The sole issue before us is whether the petition for the writ stated a cause of action and thus the trial court was in error when it granted the School Board’s motion to dismiss. Since the motion to dismiss the petition for the writ admitted all facts well pleaded (Reel v. City of Freeport, 61 Ill. App. 2d 448, 451), we must examine the petition for the writ to determine whether or not it stated a cause of action.

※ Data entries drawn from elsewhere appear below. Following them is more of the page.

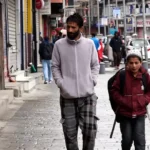 Cloudy skies, intermittent rain continue across Kashmir Valley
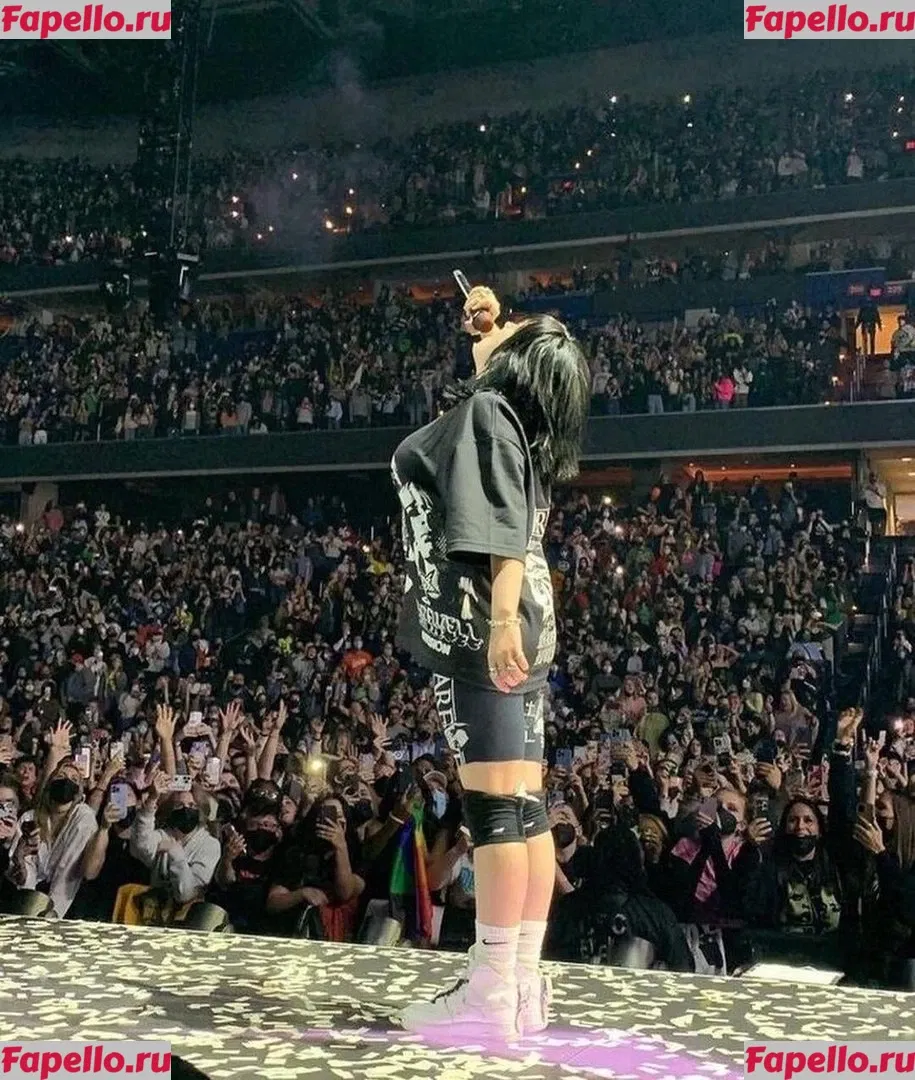 Billie Eilish Onlyfans Photo Gallery 
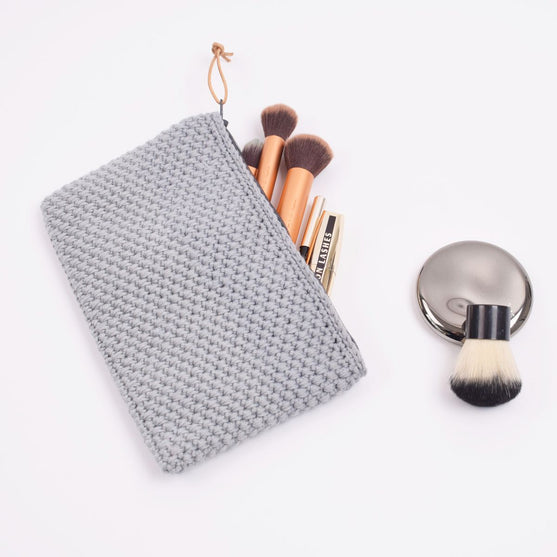 

Gehäkeltes Kosmetiktäschchen
2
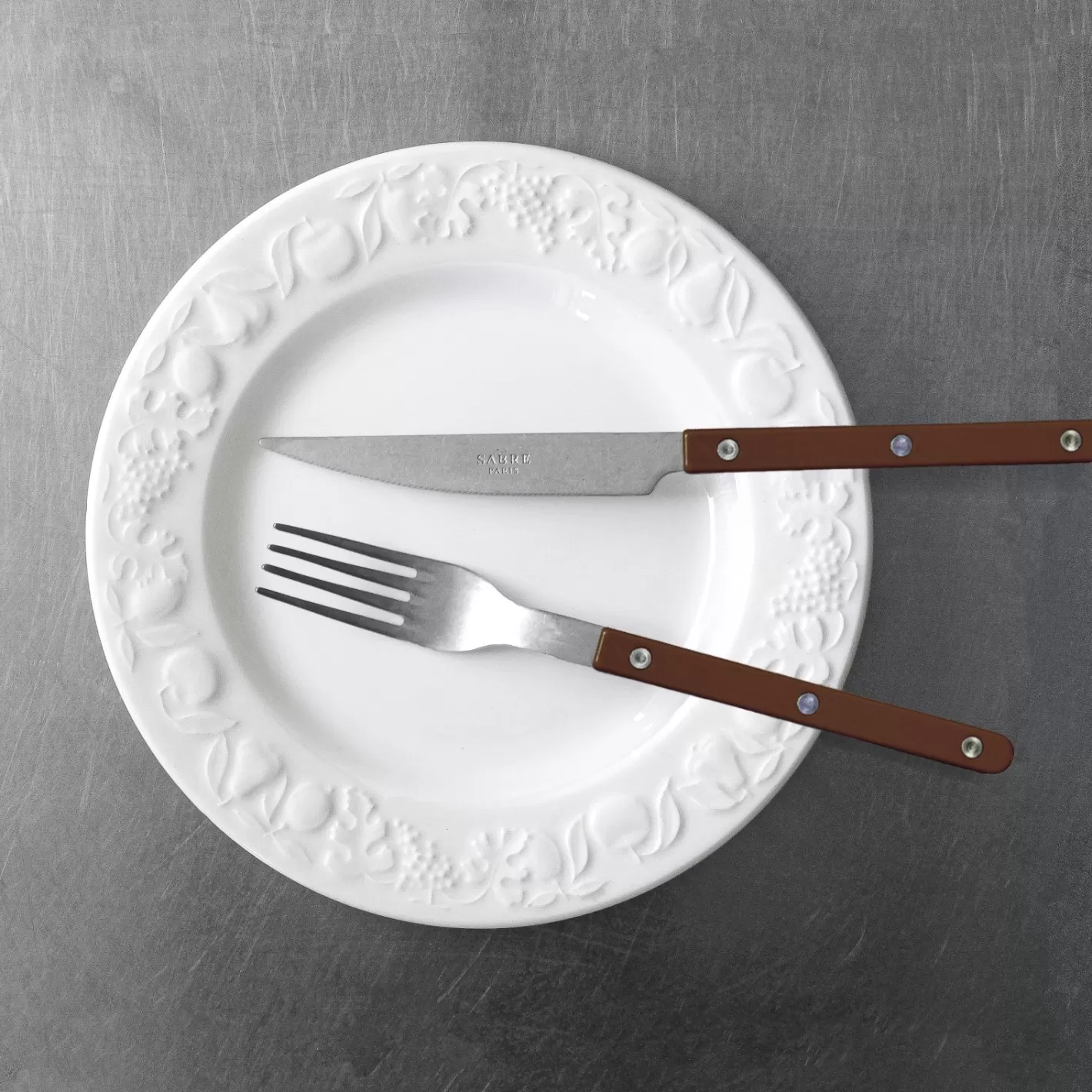 Sabre Paris Dinner Knife>Bistrot Vintage Solid, Chocolate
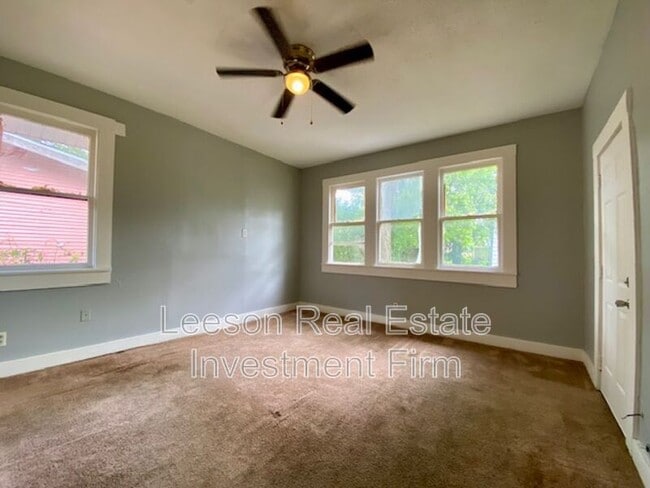 Photo - 2725 Lillian St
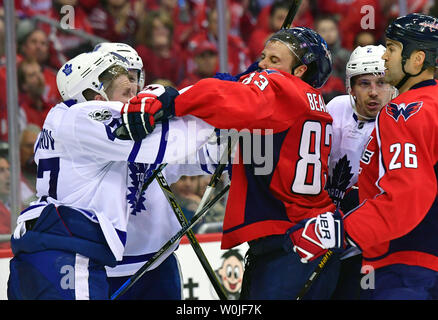 Washington centro capitelli Jay Beagle (83) e Toronto Maple Leafs centro Leo Komarov (47) lotta nel secondo periodo di Eastern Conference Quarti di Finale al Verizon Center di Washington, D.C., il 13 aprile 2017. Foto di Kevin Dietsch/UPI Foto Stock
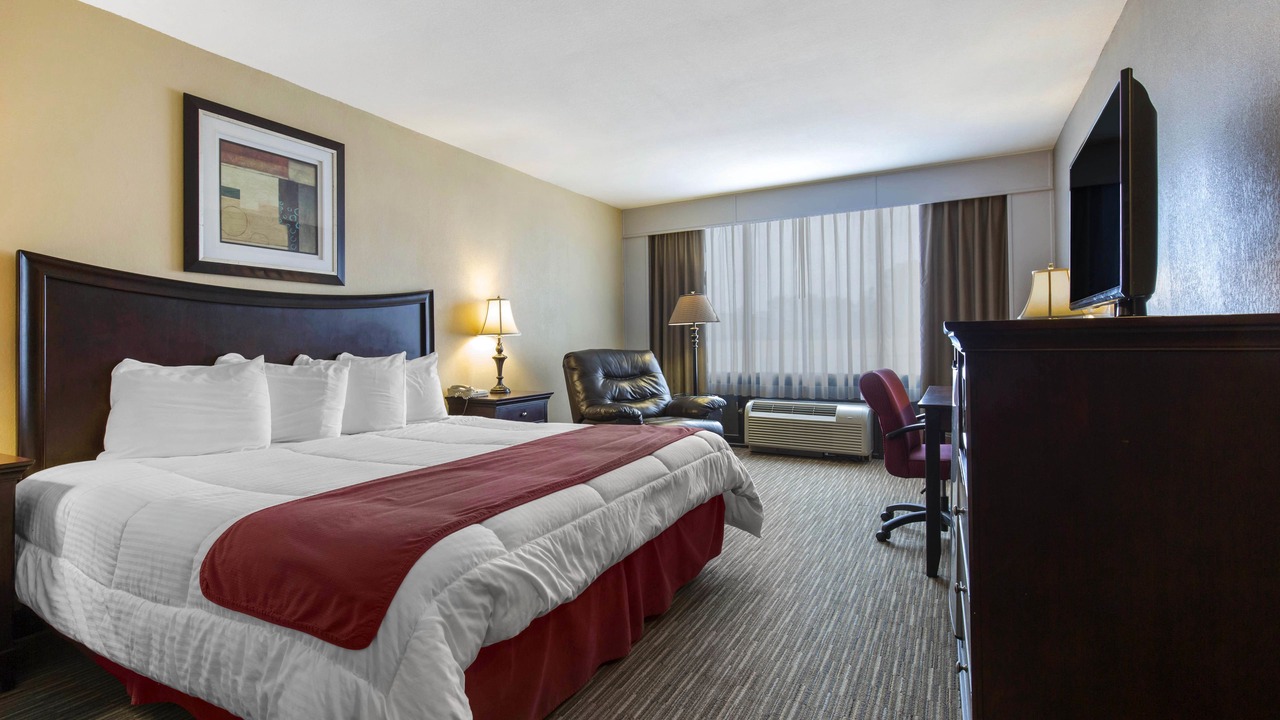 Photo of Bedroom in Pittsburg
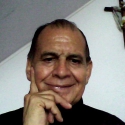 Chat for free with Oliverio Rojas Mende
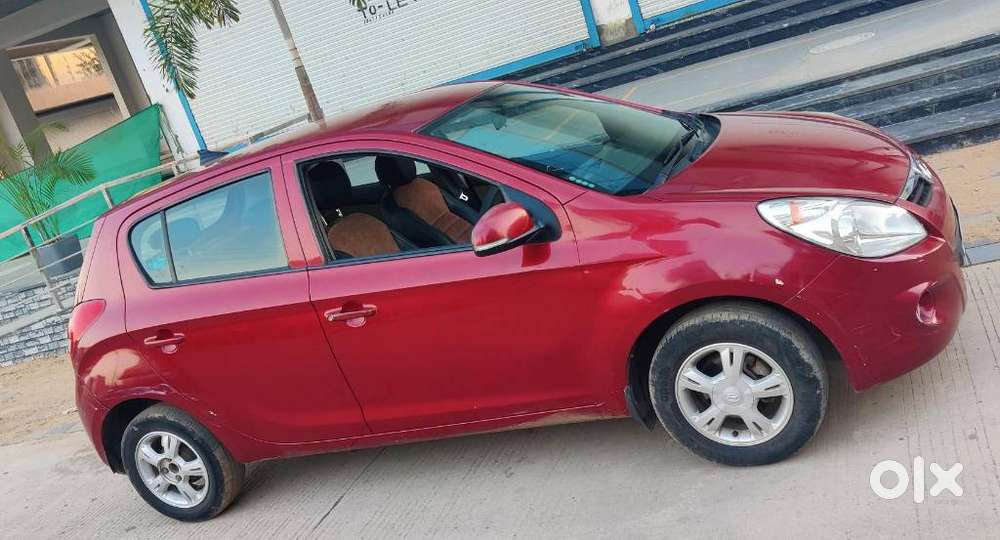 Hyundai I20 2010-2012 1.2 Sportz, 2011, Petrol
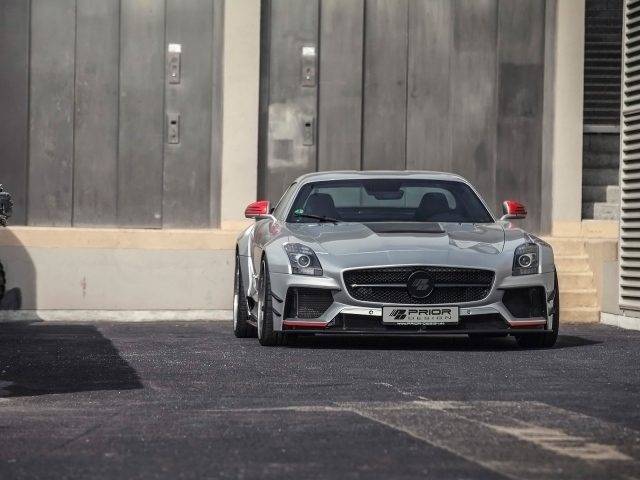 Дизайнерская модель Mercedes-Benz SLS AMG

It is generally agreed that the Teacher Tenure Act (Ill. Rev. Stat. 1975, ch. 122, par. 24—11 et seq.) was enacted to guarantee able and experienced teachers a continuous service on the basis of merit and to prevent their dismissal for political, partisan or capricious reasons. Hankenson v. Board of Education, 10 Ill. 2d 560, 563, 141 N.E.2d 5; Danahoo v. Board of Education, 413 Ill. 422, 425, 109 N.E.2d 787; Lusk v. Community Consolidated School District No. 95, 20 Ill. App. 2d 252, 155 N.E.2d 650, 653; Graham v. Board of Education, 15 Ill. App. 3d 1092, 305 N.E.2d 310.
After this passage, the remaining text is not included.